Work request
Copy only what lies from the line containing "Schulstart mit Waschbär:Waschbär" through the line containing "iTokGoK® Premium Silver-Infused" in the entries below, keeping both end lines exact and dropping every picture.

The records
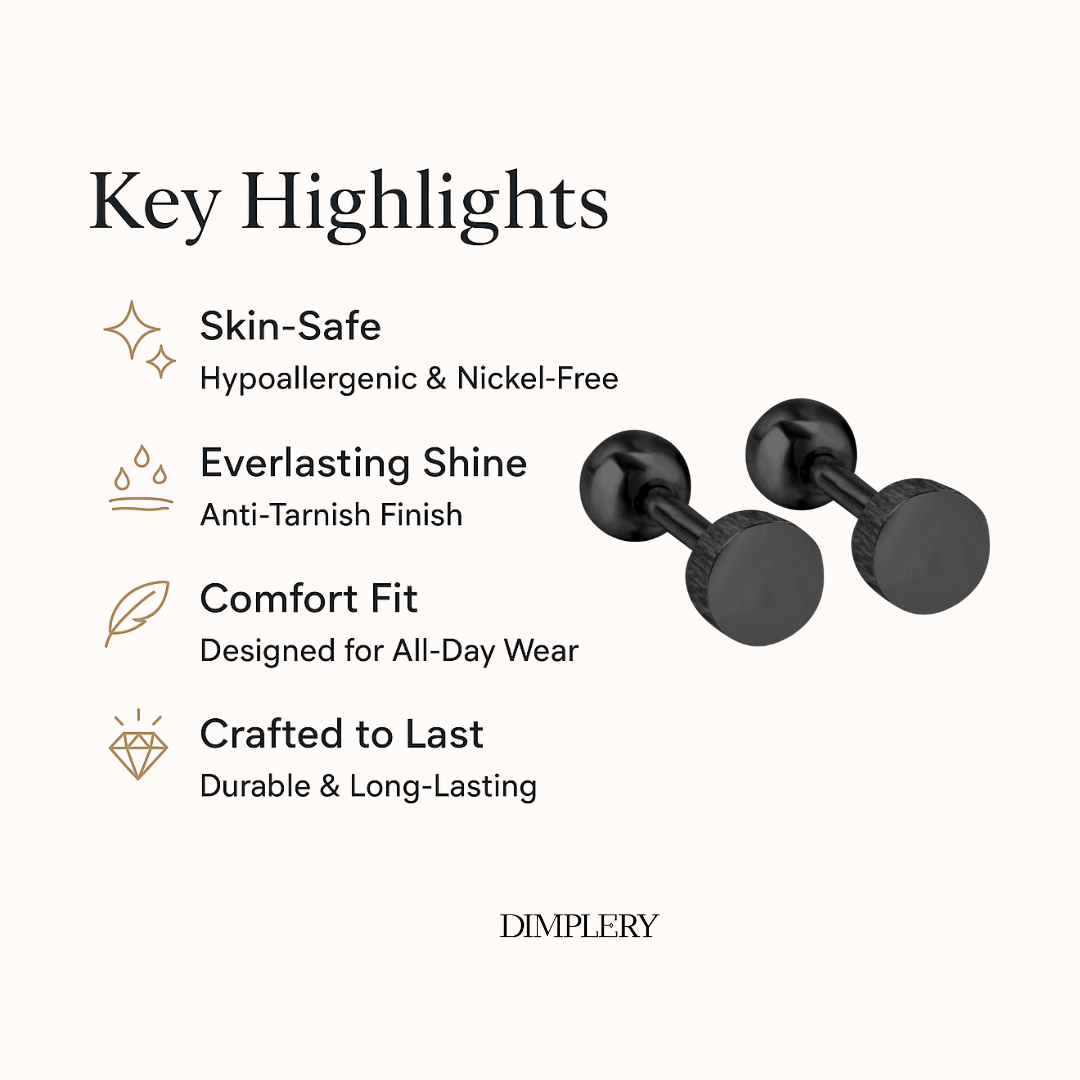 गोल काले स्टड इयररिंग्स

==

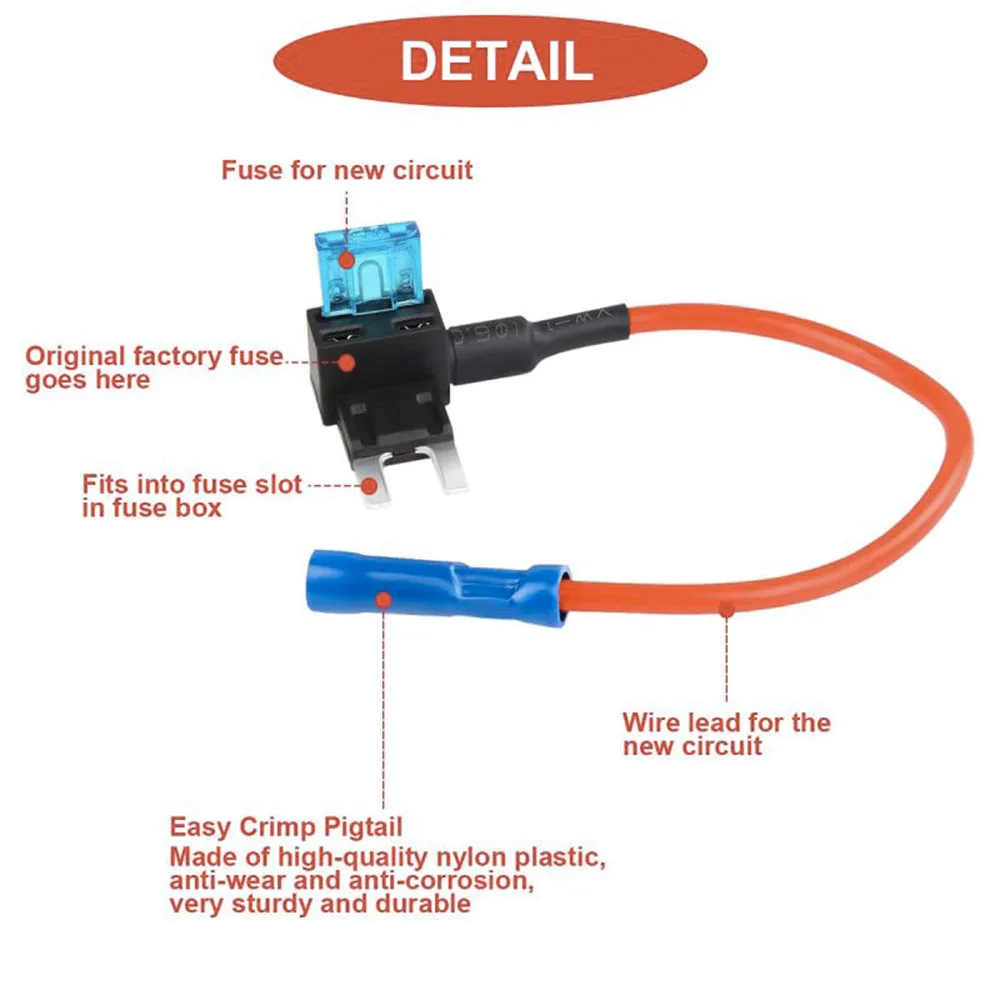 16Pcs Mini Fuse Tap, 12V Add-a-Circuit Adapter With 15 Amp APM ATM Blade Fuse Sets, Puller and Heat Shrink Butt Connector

--

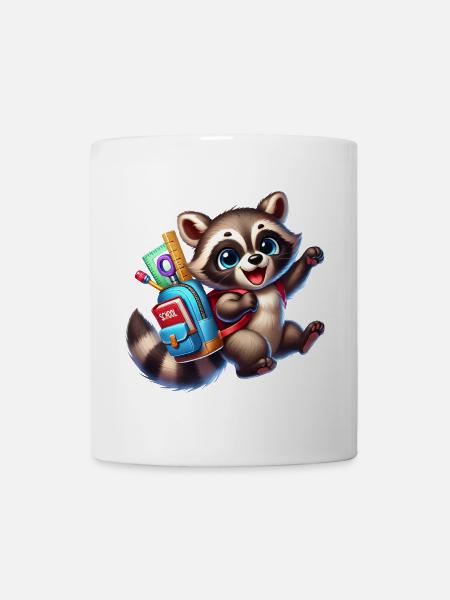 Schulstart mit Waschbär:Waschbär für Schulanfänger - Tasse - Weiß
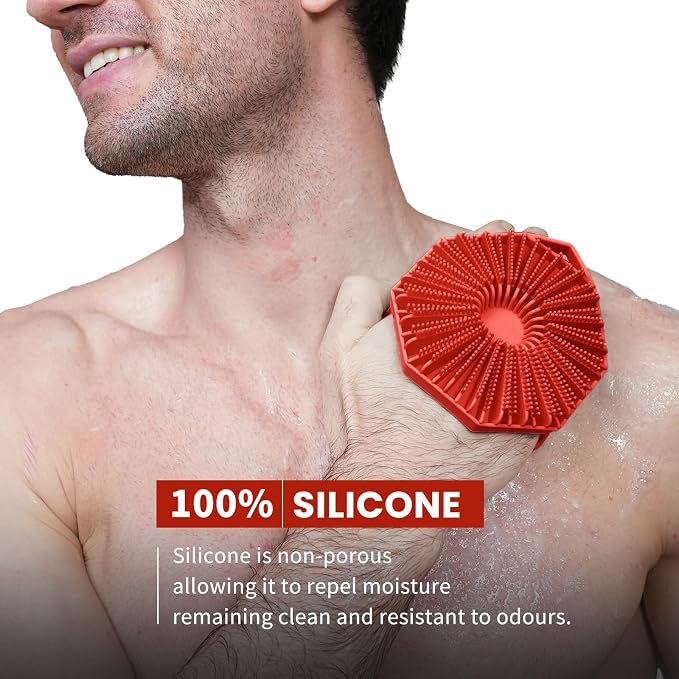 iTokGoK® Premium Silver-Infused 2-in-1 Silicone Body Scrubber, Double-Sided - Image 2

Your solution
 Schulstart mit Waschbär:Waschbär für Schulanfänger - Tasse - Weiß
 iTokGoK® Premium Silver-Infused 2-in-1 Silicone Body Scrubber, Double-Sided - Image 2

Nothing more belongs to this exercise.